Quebecers can play team sports again — as long as they're physically distancing
Supervised training sessions and skills competitions for soccer, baseball can start as of June 8
Quebec soccer and baseball players will be able to step back onto the field and practise their sports by June 8, but they won't be able to play competitively until the end of the month — and even then, they won't be playing by the rules they're used to.
"We have to remember that we are in a context of a pandemic, so we have to reimagine sports as we used to practise them now," said Isabelle Charest, a former Olympic speed skater and the minister responsible for sports.
So while teams can resume practising outdoor sports, they will have to be supervised and modified, to make sure that players are staying two metres apart from one another, Charest said Thursday.
That means Quebecers can take part in training sessions or skills competitions, with physical distancing, but for now, actually playing games will not be allowed.
Games and matches could begin by the end of June, Charest said, but it will depend on whether the COVID-19 situation continues to improve.
In the meantime, Charest said, she hopes players will find ways to work on their skills and practise. She said she wants to see young people — and all Quebecers — moving their bodies.
"What we want is … to give them a way to do it safely," she said.
Supervised activities such as yoga will also be allowed as of June 8, as long as they take place outside, and pools in places such as private campgrounds will also be allowed to open on that date.
The province had already allowed many non-contact sports, such as golf and singles tennis, to resume before Thursday's announcement.

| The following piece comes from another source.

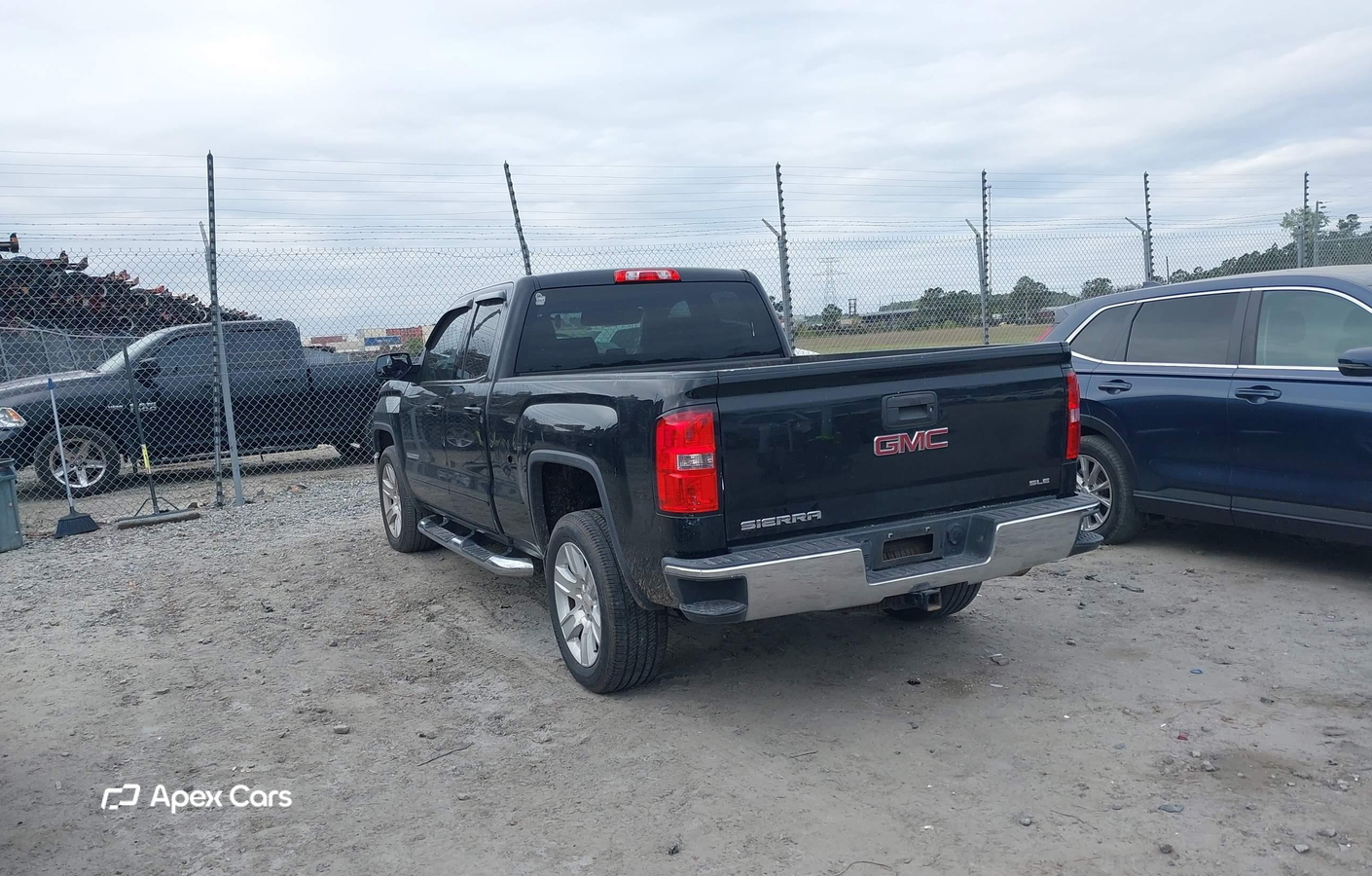 GMC Sierra 2014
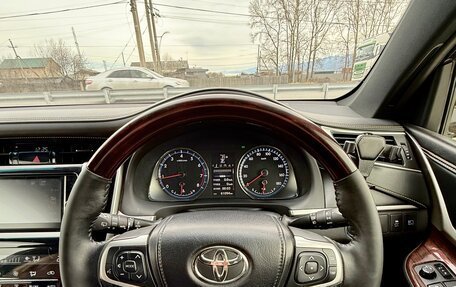 Toyota Harrier, 2017 год, 3 000 000 рублей, 9 фотография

Activities such as open-water swimming, jogging, cycling, hiking, rock-climbing, kayaking and canoeing are also already permitted.
'We have got to get going'
Once teams are allowed to compete again, sports like hockey or soccer that require some contact between players will have to be adapted, said Quebec Premier François Legault.
Several sports federations, including hockey, soccer and baseball associations, are already working on ways to adapt play, in order to respect physical-distancing directives.
"This is a big step forward that will mainly allow our players to return to the field, to the soccer ball, to their friends and their teachers," said Mathieu Chamberland, the executive director of Soccer Québec.
Christian de Serres, president of the NDG Soccer Association, says he was happy to hear that members of his soccer club will soon be able to start training again, at last.
"It's better than what the kids have been doing up to now, which is by video conference — doing some physical training with their coaches," said de Serres."But we're all waiting for games."
De Serres says he's not sure how a soccer game will work with players maintaining physical distancing, but he hopes more information becomes available soon.
"We're all waiting for the real thing," de Serres said.
Baseball enthusiasts are excited — and relieved.
"In the last three months, we didn't know where we were going, and now we know there's a start, and it's soon," said the executive director of Baseball Québec, Maxime Lamarche. "I'm just glad for 35,000 baseball players all around the province."
Lamarche said he's impatient for baseball season to get underway.
"We have got to get going!" Lamarche said.
While hockey players will not be lacing up their skates any time soon, the executive director of Hockey Quebec, Paul Ménard, said Thursday's announcement means players can prepare for a hockey season and begin training.